Lines from the one containing "Specifications of JNR" through the last line of the data are to be returned exactly, both ends included, minus any pictures.

★ ★ ★

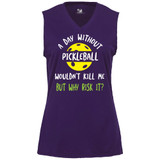 Women's A Day Without Pickleball Core Performance Sleeveless Shirt in Purple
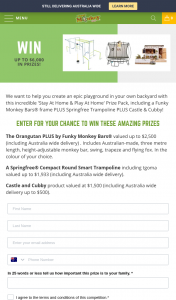 ULTIMATE BACKYARD GIVEAWAY 2020 – Win The Following Amazing Prizes From Funky Monkey Bars (prize valued at $2,500)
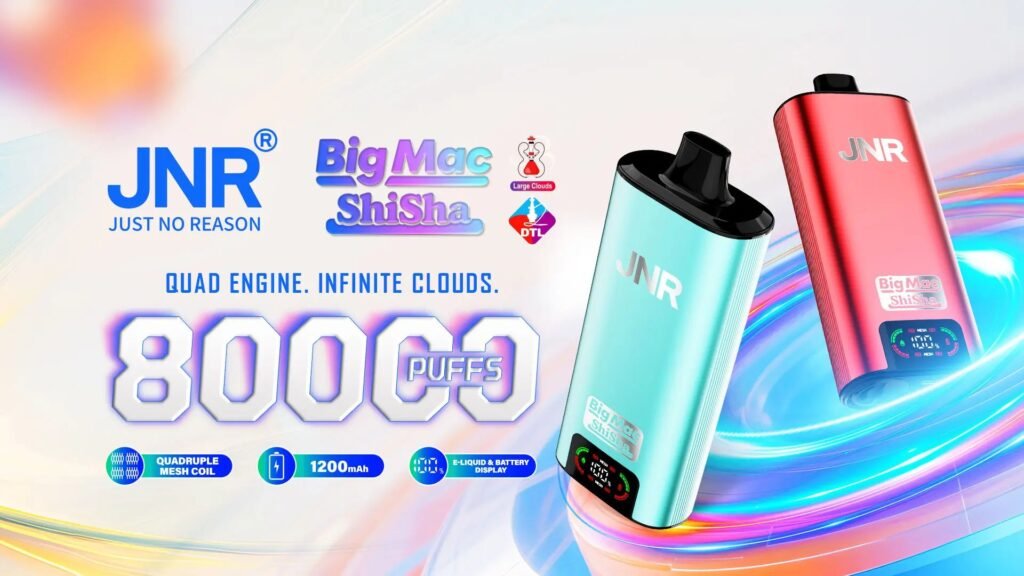 Specifications of JNR Big Mac Shisha 80000 Puffs 20MG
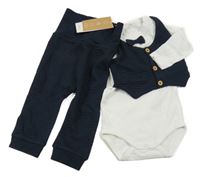 Nové - 2set - Bílo-tmavomodré body s našitou vestou + žebrované tepláky Name it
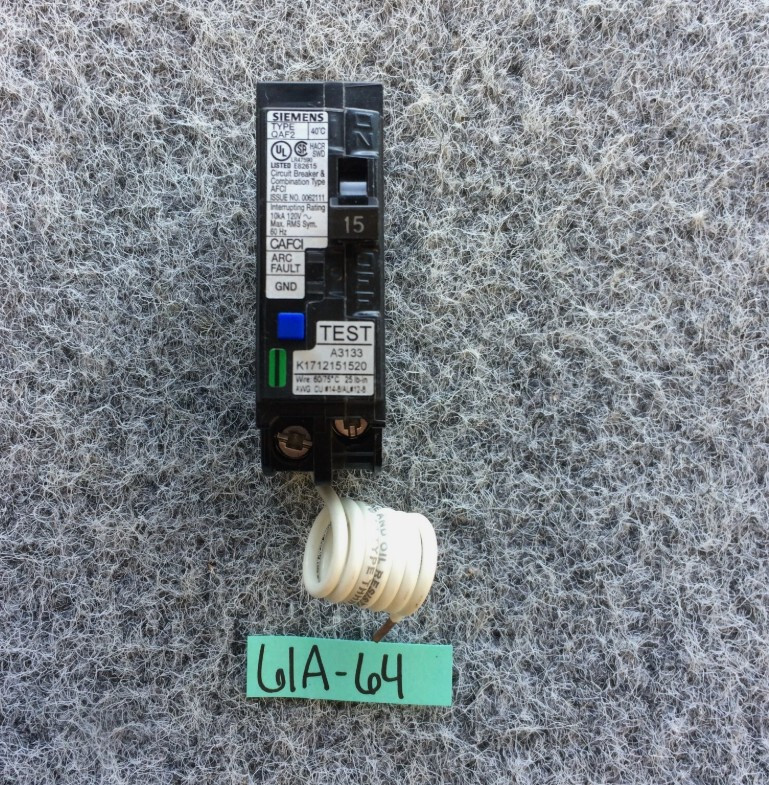 Lot of 3 Siemens QA115AFC 15-Amp Single Pole Plug-On Combination AFCI Breaker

★ ★ ★

> _Reply_:
 Specifications of JNR Big Mac Shisha 80000 Puffs 20MG
 Nové - 2set - Bílo-tmavomodré body s našitou vestou + žebrované tepláky Name it
 Lot of 3 Siemens QA115AFC 15-Amp Single Pole Plug-On Combination AFCI Breaker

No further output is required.